Exercise objective = Under this line are the records; repeat exactly the lines starting at the one containing "Hey everyone, welcome" and ending at the one containing "Write the oxidation, reduction", omitting pictures.

Data extracts =

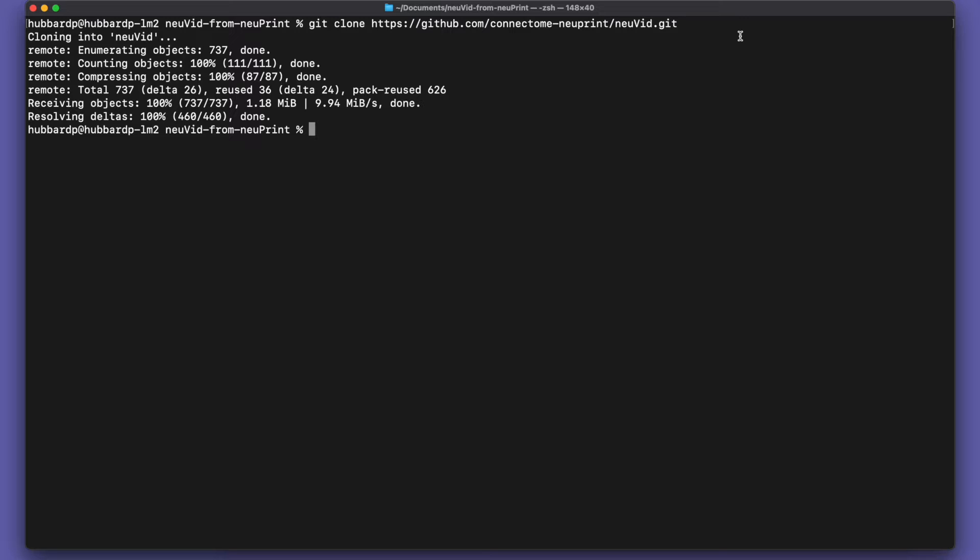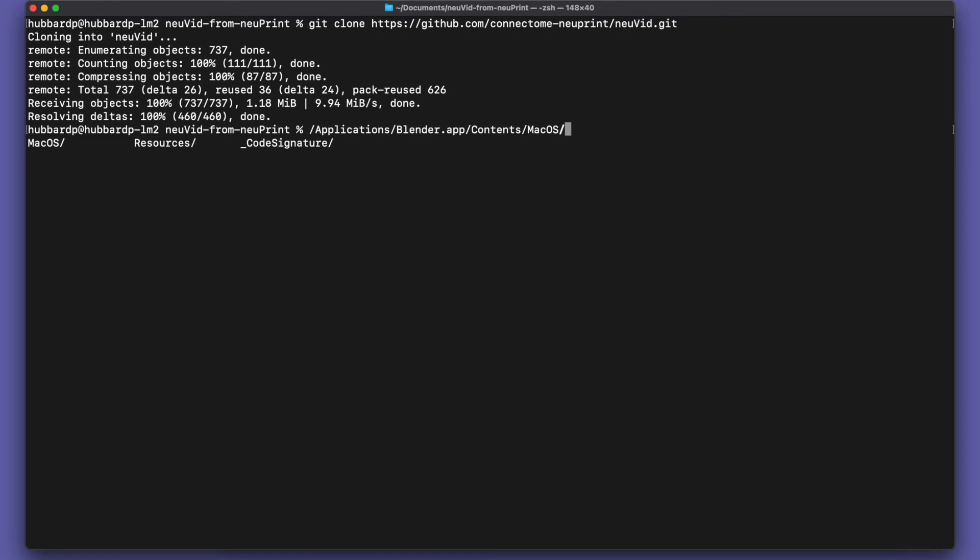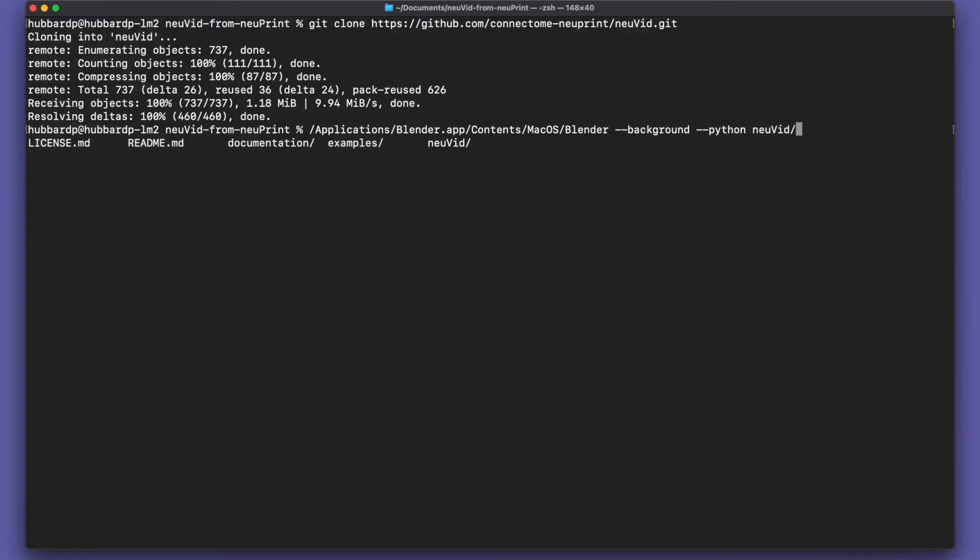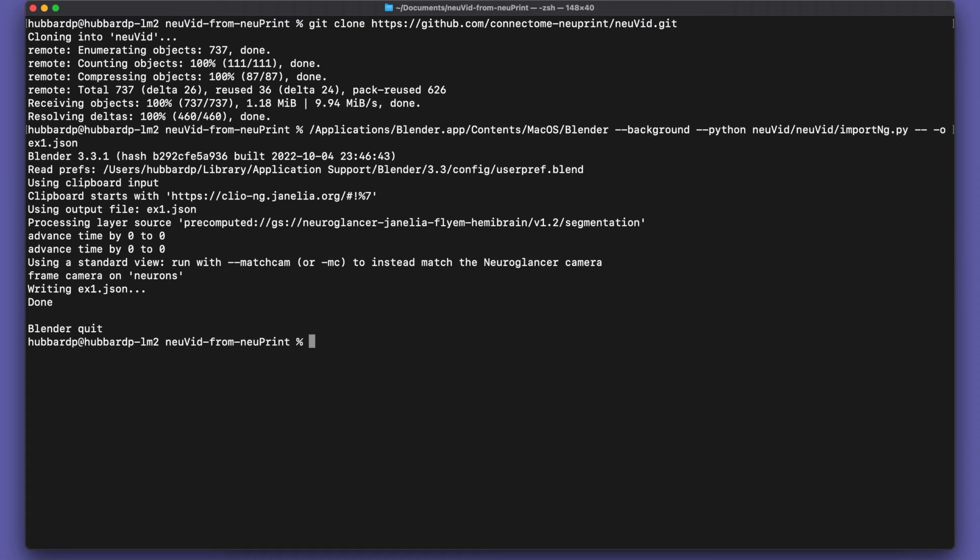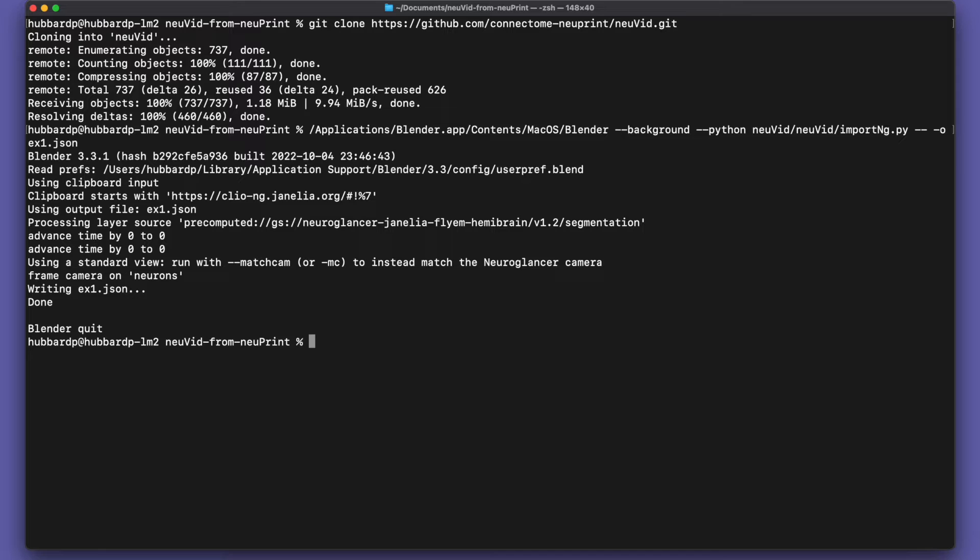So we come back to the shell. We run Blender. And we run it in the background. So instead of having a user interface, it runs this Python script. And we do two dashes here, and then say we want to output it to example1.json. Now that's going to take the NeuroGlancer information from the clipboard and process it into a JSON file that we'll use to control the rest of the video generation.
* * *
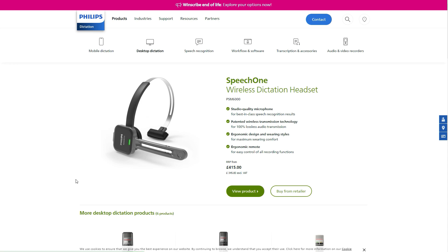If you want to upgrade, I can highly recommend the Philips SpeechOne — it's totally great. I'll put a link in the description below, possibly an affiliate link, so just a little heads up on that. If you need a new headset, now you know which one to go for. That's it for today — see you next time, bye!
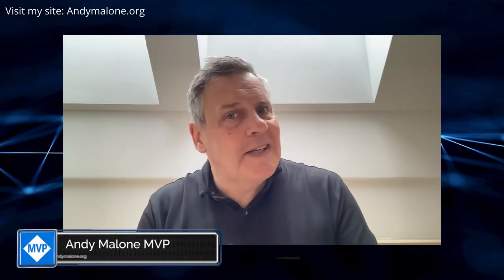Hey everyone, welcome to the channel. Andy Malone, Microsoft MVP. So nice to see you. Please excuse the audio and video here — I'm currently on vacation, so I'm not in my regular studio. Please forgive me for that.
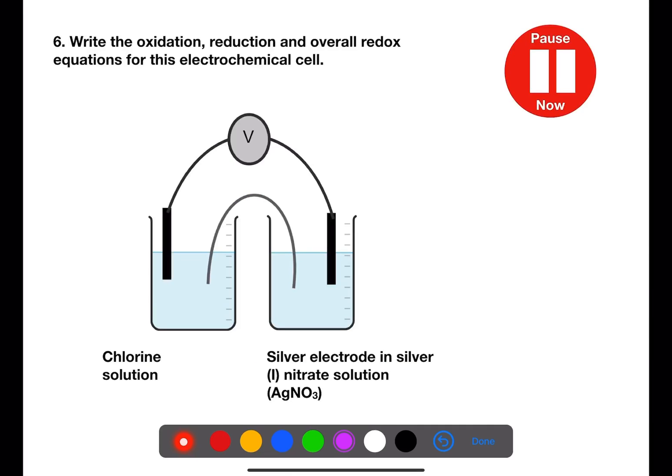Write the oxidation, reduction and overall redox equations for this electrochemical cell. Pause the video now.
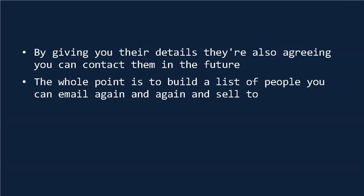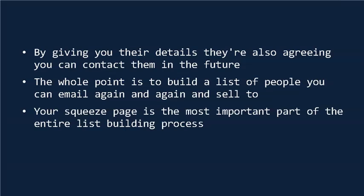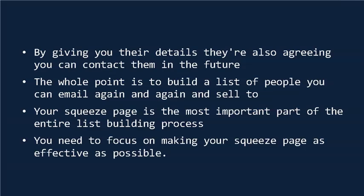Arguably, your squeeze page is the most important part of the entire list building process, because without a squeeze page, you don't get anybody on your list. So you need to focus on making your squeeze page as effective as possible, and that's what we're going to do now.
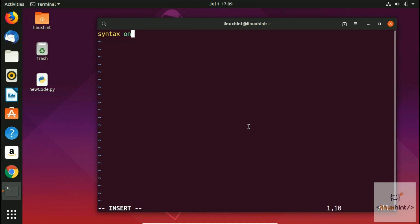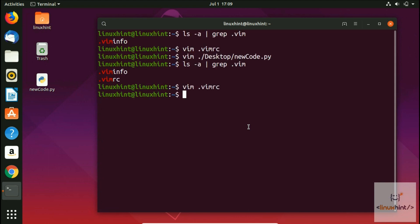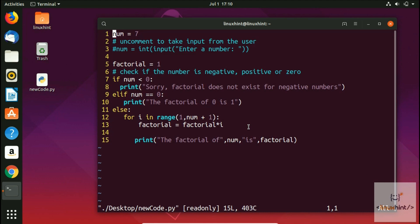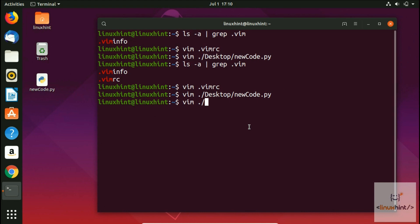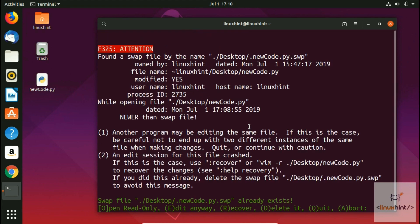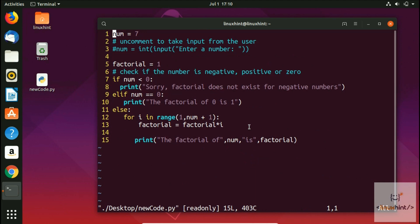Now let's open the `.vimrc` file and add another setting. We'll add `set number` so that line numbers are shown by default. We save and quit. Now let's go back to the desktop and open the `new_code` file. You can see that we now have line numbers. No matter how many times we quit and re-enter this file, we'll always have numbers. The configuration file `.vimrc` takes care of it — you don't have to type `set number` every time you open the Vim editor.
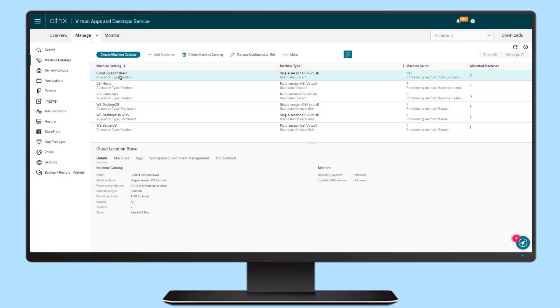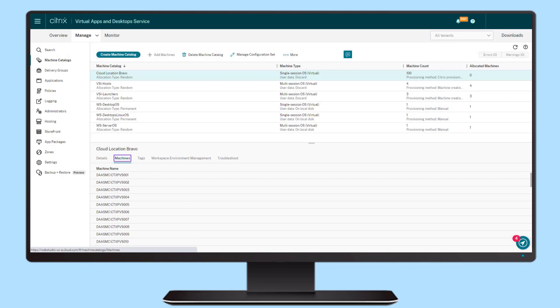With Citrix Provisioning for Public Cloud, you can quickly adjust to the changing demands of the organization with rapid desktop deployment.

Answer to this exercise =
Hey everyone, welcome to the channel. Andy Malone, Microsoft MVP. So nice to see you. Please excuse the audio and video here — I'm currently on vacation, so I'm not in my regular studio. Please forgive me for that.
Write the oxidation, reduction and overall redox equations for this electrochemical cell. Pause the video now.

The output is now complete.